Fluent in Hebrew, French and English, as well as Arabic, he would assist other soldiers in translations, friends there said. He went for long runs and listened to the Koran on his Walkman.

There were signs that Mr. Mohamed was no ordinary immigrant soldier.

In 1988, he told his colleagues of his plans to take several weeks of leave and fight in Afghanistan against the Soviet forces. It was an audacious proposal for an active-duty Army soldier.

American intelligence agencies were in the midst of a multibillion-dollar program to aid the Afghan rebels, and the C.I.A. had taken considerable pains to conceal the American role. The capture or death of an American serviceman in Afghanistan would have been a major international embarrassment to the United States.

Mr. Mohamed's superior, Colonel Anderson, said he told him not to make the trip. But Mr.
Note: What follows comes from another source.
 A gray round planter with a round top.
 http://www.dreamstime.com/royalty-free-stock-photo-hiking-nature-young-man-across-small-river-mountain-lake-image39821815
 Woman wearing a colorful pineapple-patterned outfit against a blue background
Mohamed replied that he planned to circumvent the Army's restrictions by flying to Paris on his American passport and then using other documents to travel from the Middle East to Afghanistan.

Colonel Anderson said he and another officer had written a detailed intelligence report to their military superiors, but heard nothing.
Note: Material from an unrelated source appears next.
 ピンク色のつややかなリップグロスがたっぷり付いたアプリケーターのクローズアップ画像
About a month later, Mr. Mohamed returned, bringing with him what he said was war booty. Colonel Anderson said he had shown him two belts purportedly taken from Soviet special forces soldiers he had killed in an ambush.
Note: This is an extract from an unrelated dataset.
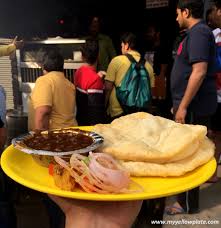 Boasting of a kitchen run by apparently sixteen chefs, straight from punjab, bhangra punjabi dhaba has quite a fan following for its chole bhature.served on a massive thali, the chole bhature here come with fried green chili, raw masala onions, and tomatoes.they also serve freshly churned mint chutney and kulcha chutney that is a mix of ginger, tamarind, green chilli, and honey along with a. 15 Legendary Places To Eat The Best Chole Bhature In Delhi 2021 My Yellow Plate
Although American officials are convinced that Mr. Mohamed fought with the rebels, there is no specific evidence that he killed Russian soldiers. Such belts were widely available in local bazaars.

Colonel Anderson and his colleague were deeply troubled by his statements, and they wrote another intelligence report that provided further details about what Mr. Mohamed had told them about his time in Afghanistan.

The other officer said he had no doubt Mr. Mohamed had fought with the rebels. "He had probably lost 20, 25 pounds," the officer said, "which indicated to me that he had done something fairly strenuous."

The officer, like others interviewed for this article, spoke on the condition of anonymity, citing the allegations of terrorism in the case and other security concerns.

Mr. Mohamed made no secret of his trip, and even boasted of his dealings with Afghan rebel leaders. He thanked another officer, Capt. Michael W. Asimos, for providing him with some unclassified maps of Afghanistan before he left.

"I remember Ali coming back at some point in 1988," Captain Asimos recalled, "and telling me how much Ahmad Shah Massoud was pleased that I took him some maps." Mr. Massoud led one of the mujahedeen groups fighting the Soviets in Afghanistan.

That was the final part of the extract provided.